A tradição e a história das eleições autárquicas de Beja “não auguram nada de bom”, mas o atual líder socialista da câmara, Paulo Arsénio, está disposto a romper com o passado, no próximo ato eleitoral.

Paulo Arsénio é o quinto presidente da Câmara de Beja, dos últimos 20 anos.
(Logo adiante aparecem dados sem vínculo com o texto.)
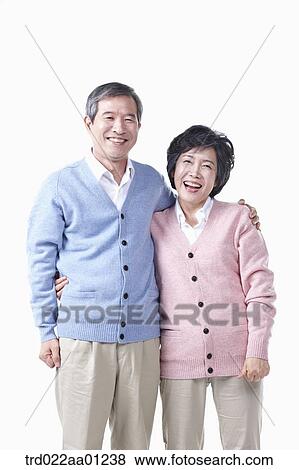 An elderly man and woman putting arms around on each other View Large Photo Image Stock Photo - An elderly man and woman putting arms around on each other . Fotosearch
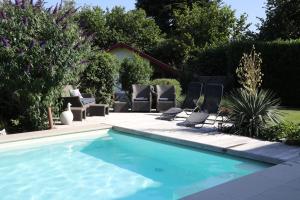 a swimming pool with lounge chairs next to a yard at Au Temps de Spa - La Tour du Tonnelet in Spa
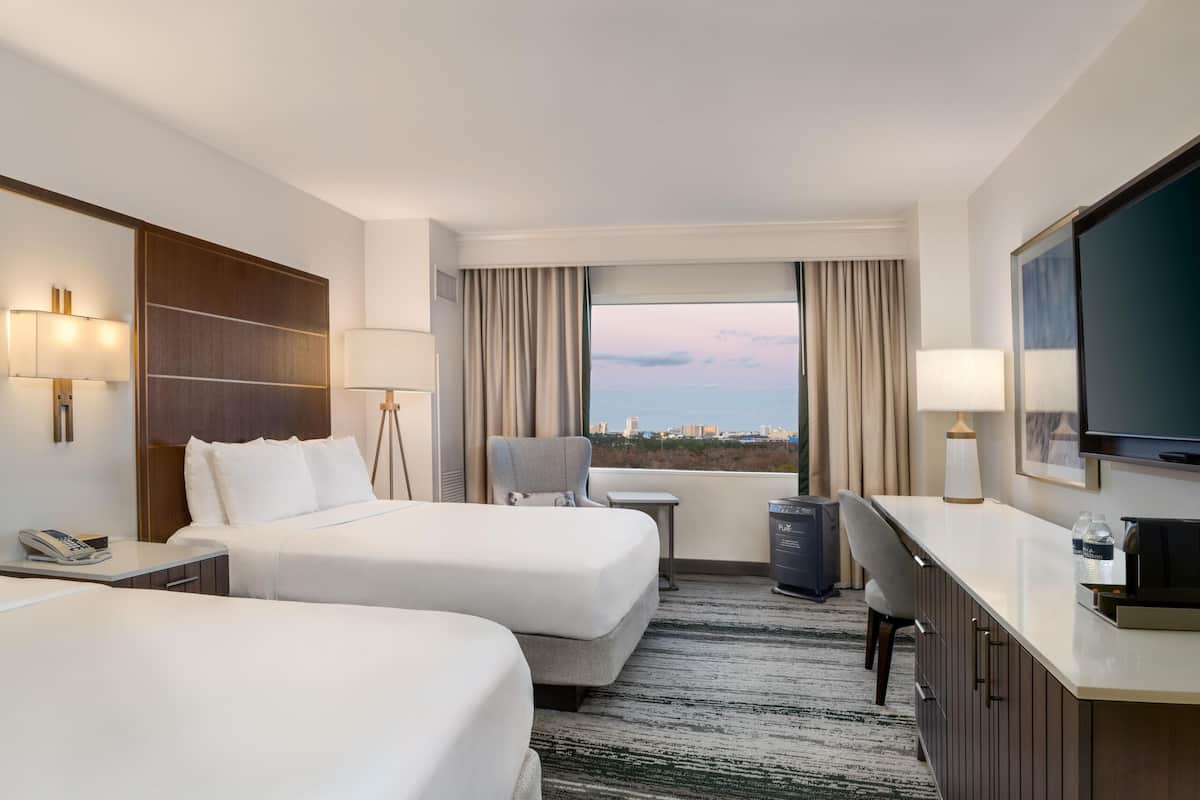 Ein Hotelzimmer mit zwei Betten, einem Schreibtisch, einem Sessel, einem Fernseher und einem Fenster mit Blick auf die Stadt.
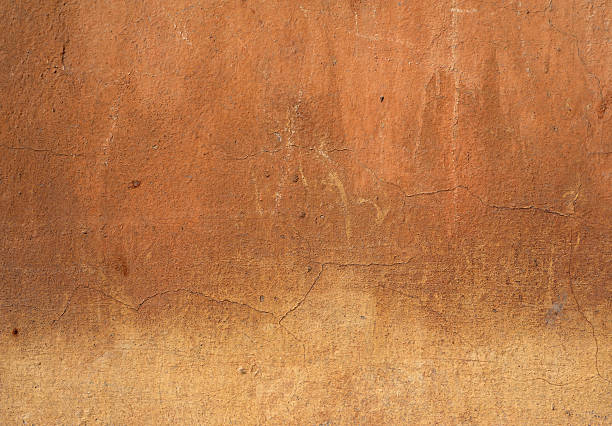istock Texture of old wall covered with brown stucco 492417308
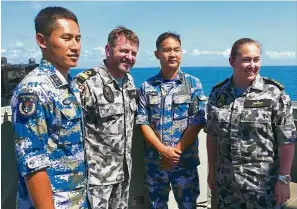  ?? Reuters ?? Working together: Royal Australian Navy officers standing with officers from the Chinese Navy aboard the Royal Australian Navy frigate ‘HMAS Newcastle’. —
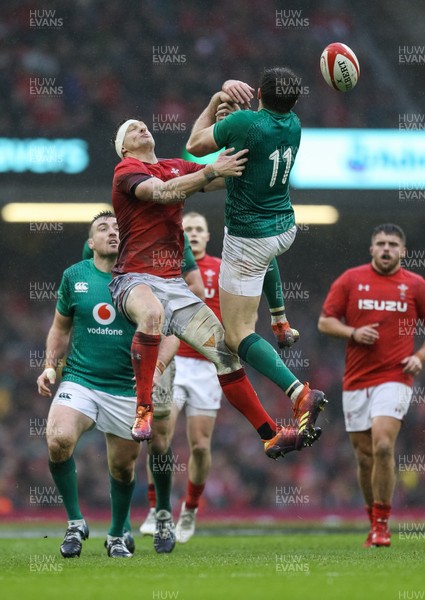 160319 - Wales v Ireland, Guinness Six Nations Championship 2019 - Dan Biggar of Wales  and Jacob Stockdale of Ireland compete for the ball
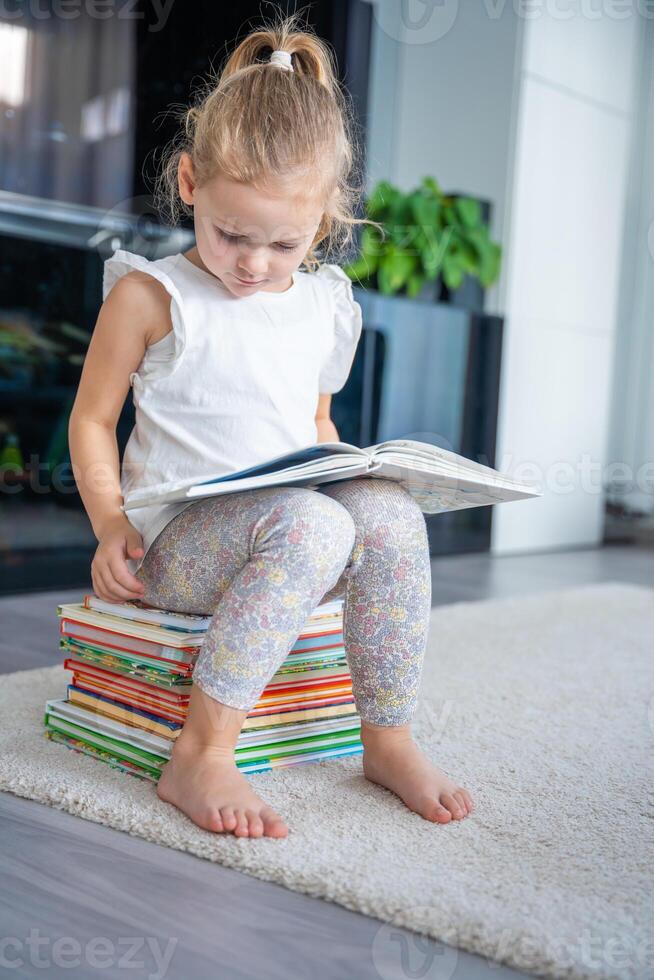 Little girl is sitting on stack of children's books and leafing through a book with fairy tales photo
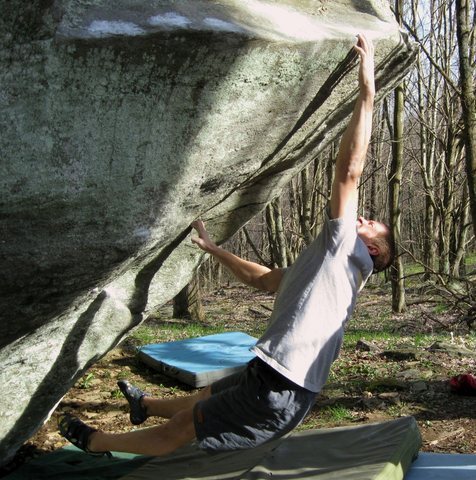 Shane Messer hitting the sloping lip of "O.A." (V-7), at the "Bones & A.V.P." area, Grayson Highlands State Park VA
O autarca diz que poderia “dar um estudo sociológico, no futuro, saber porque é que em Beja ninguém ganha uma segunda vez”, caso não consiga a reeleição.

O último presidente a ‘segurar’ o município de Beja por mais do que um mandato foi José Carreira Marques (CDU), entre 1982 e 2005.

A partir daí, os presidentes da câmara só ocuparam o lugar durante um mandato: Francisco Santos, CDU (2005-2009), Jorge Pulido Valente, PS (2009-2013) e João Rocha, CDU (2013-2017).

O socialista Paulo Arsénio, eleito em 2017, quer pôr fim a este “feitiço”, embora admita que “os búzios e as cartas não estão a seu favor”.

Aos 49 anos, o autarca, socialista desde 1991, recandidata-se para dar continuidade ao projeto iniciado, há quatro anos, quando venceu na capital do Baixo Alentejo e recuperou para o partido uma câmara que, desde 1974, só entre 2009 e 2013 não tinha pertencido ao PCP ou a coligações lideradas pelos comunistas.

Para o autarca, “há muita coisa, ainda, por recuperar”, que merece “ser valorizada ainda mais do que já tem sido”, e é possível “promover ainda mais o concelho”.

O atual executivo municipal é constituído por quatro eleitos do PS e três da CDU.